Sprezzatura means doing something difficult, but doing it with such a casual air that no one would ever know how much effort went into it. For example, this is sprezzatura:
Is sprezzatura a good ideal for a church choir when they're singing? I think so, IF it's done right.
Our goal in church singing is to draw attention to the music and the message, not to ourselves. So we don't want to give the impression that we're out to show everybody how hard we worked to learn the songs. We want to communicate a feeling that matches the mood of the song, whatever mood that is -- joy, gratitude, love, expectation, repentance, admonition -- not a feeling of "let's see if we can pull this off."
So how do we cultivate that feeling of ease and comfort with the material?
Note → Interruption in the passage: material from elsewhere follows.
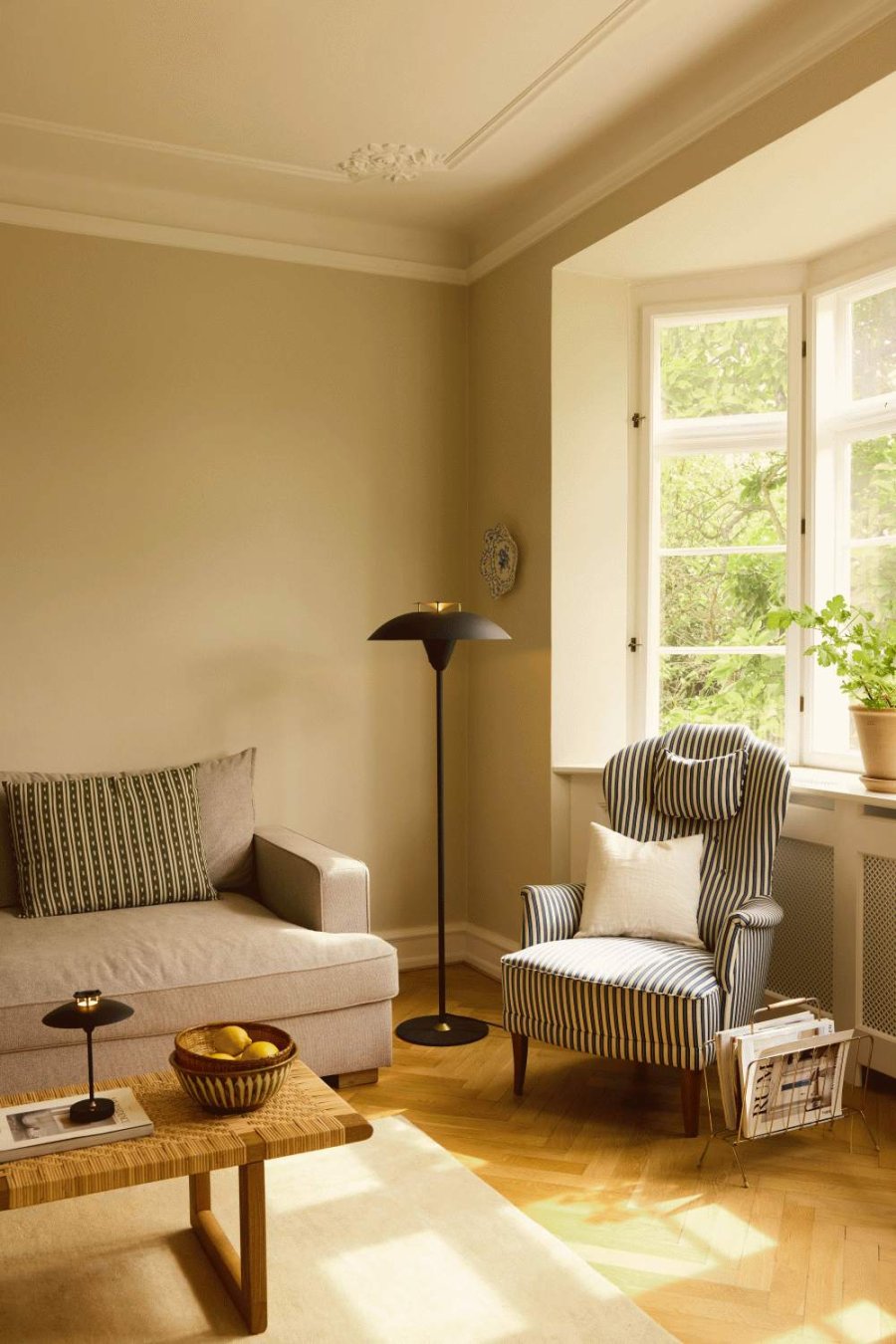 Halo Design Stepp Stehlampe H140 cm, Schwarz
Practice, practice, practice.
Here's an analogy. The first time you're driving to a new location, you have to carefully look at your directions, the freeway and street signs, the addresses on the buildings, etc. You put an effort into successfully completing that trip. But after you've driven there many times, it becomes an instinct. You drive from your workplace to your home and barely think about the directions. Instead you can think about how glad you are to be going home, who will be there when you arrive, and what you're going to do once you're there.
It's the same way with a song. You know a song pretty well after a couple of rehearsals, but you might still have to concentrate to remember your notes, the lyrics, and the sequence. But after doing it enough times, it becomes a part of you. Everything is automatic. That's the time that you're ready to minister the song most effectively.
I believe in rehearsing new songs many times before we sing them. The more comfort we have with the technical aspects of the music, the more we can focus our mind and spirit on the message -- joy, gratitude, love, expectation, repentance, admonition. The technical demands barely trouble us any more. "You make it look so easy." Sprezzatura.